Work order
The records below should be printed once more, exactly as they appear.

═════ Data to examine ═════

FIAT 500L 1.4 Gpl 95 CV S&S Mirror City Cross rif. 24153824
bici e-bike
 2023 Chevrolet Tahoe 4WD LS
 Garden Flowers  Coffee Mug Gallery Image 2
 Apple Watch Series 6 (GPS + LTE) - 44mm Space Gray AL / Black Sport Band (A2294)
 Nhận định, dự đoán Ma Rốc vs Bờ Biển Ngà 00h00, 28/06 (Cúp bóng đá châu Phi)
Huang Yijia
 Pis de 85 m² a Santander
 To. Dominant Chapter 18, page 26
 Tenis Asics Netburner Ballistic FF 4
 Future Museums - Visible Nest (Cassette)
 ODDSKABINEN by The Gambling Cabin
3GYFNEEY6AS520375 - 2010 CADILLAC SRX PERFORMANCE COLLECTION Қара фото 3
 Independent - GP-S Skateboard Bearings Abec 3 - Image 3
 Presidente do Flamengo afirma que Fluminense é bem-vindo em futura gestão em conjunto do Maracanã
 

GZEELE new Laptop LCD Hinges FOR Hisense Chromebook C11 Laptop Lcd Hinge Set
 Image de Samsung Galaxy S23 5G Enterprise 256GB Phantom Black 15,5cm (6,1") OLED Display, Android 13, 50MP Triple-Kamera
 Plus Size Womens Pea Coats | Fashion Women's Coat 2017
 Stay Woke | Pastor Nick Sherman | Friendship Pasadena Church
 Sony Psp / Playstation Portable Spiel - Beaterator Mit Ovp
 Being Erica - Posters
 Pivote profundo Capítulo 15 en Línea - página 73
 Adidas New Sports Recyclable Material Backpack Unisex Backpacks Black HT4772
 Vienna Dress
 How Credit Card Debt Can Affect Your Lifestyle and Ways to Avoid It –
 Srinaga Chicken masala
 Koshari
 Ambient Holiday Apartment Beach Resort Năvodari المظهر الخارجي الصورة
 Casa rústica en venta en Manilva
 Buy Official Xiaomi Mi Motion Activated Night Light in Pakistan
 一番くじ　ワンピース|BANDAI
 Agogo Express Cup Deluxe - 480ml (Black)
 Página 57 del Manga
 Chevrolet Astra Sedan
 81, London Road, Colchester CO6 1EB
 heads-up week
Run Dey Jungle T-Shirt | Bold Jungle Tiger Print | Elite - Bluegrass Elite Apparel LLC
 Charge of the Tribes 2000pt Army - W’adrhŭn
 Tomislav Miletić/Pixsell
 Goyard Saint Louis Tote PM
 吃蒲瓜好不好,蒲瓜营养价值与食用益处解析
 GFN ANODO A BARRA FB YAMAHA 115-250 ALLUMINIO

═════

Reply to the task
FIAT 500L 1.4 Gpl 95 CV S&S Mirror City Cross rif. 24153824
bici e-bike
 2023 Chevrolet Tahoe 4WD LS
 Garden Flowers  Coffee Mug Gallery Image 2
 Apple Watch Series 6 (GPS + LTE) - 44mm Space Gray AL / Black Sport Band (A2294)
 Nhận định, dự đoán Ma Rốc vs Bờ Biển Ngà 00h00, 28/06 (Cúp bóng đá châu Phi)
Huang Yijia
 Pis de 85 m² a Santander
 To. Dominant Chapter 18, page 26
 Tenis Asics Netburner Ballistic FF 4
 Future Museums - Visible Nest (Cassette)
 ODDSKABINEN by The Gambling Cabin
3GYFNEEY6AS520375 - 2010 CADILLAC SRX PERFORMANCE COLLECTION Қара фото 3
 Independent - GP-S Skateboard Bearings Abec 3 - Image 3
 Presidente do Flamengo afirma que Fluminense é bem-vindo em futura gestão em conjunto do Maracanã
 

GZEELE new Laptop LCD Hinges FOR Hisense Chromebook C11 Laptop Lcd Hinge Set
 Image de Samsung Galaxy S23 5G Enterprise 256GB Phantom Black 15,5cm (6,1") OLED Display, Android 13, 50MP Triple-Kamera
 Plus Size Womens Pea Coats | Fashion Women's Coat 2017
 Stay Woke | Pastor Nick Sherman | Friendship Pasadena Church
 Sony Psp / Playstation Portable Spiel - Beaterator Mit Ovp
 Being Erica - Posters
 Pivote profundo Capítulo 15 en Línea - página 73
 Adidas New Sports Recyclable Material Backpack Unisex Backpacks Black HT4772
 Vienna Dress
 How Credit Card Debt Can Affect Your Lifestyle and Ways to Avoid It –
 Srinaga Chicken masala
 Koshari
 Ambient Holiday Apartment Beach Resort Năvodari المظهر الخارجي الصورة
 Casa rústica en venta en Manilva
 Buy Official Xiaomi Mi Motion Activated Night Light in Pakistan
 一番くじ　ワンピース|BANDAI
 Agogo Express Cup Deluxe - 480ml (Black)
 Página 57 del Manga
 Chevrolet Astra Sedan
 81, London Road, Colchester CO6 1EB
 heads-up week
Run Dey Jungle T-Shirt | Bold Jungle Tiger Print | Elite - Bluegrass Elite Apparel LLC
 Charge of the Tribes 2000pt Army - W’adrhŭn
 Tomislav Miletić/Pixsell
 Goyard Saint Louis Tote PM
 吃蒲瓜好不好,蒲瓜营养价值与食用益处解析
 GFN ANODO A BARRA FB YAMAHA 115-250 ALLUMINIO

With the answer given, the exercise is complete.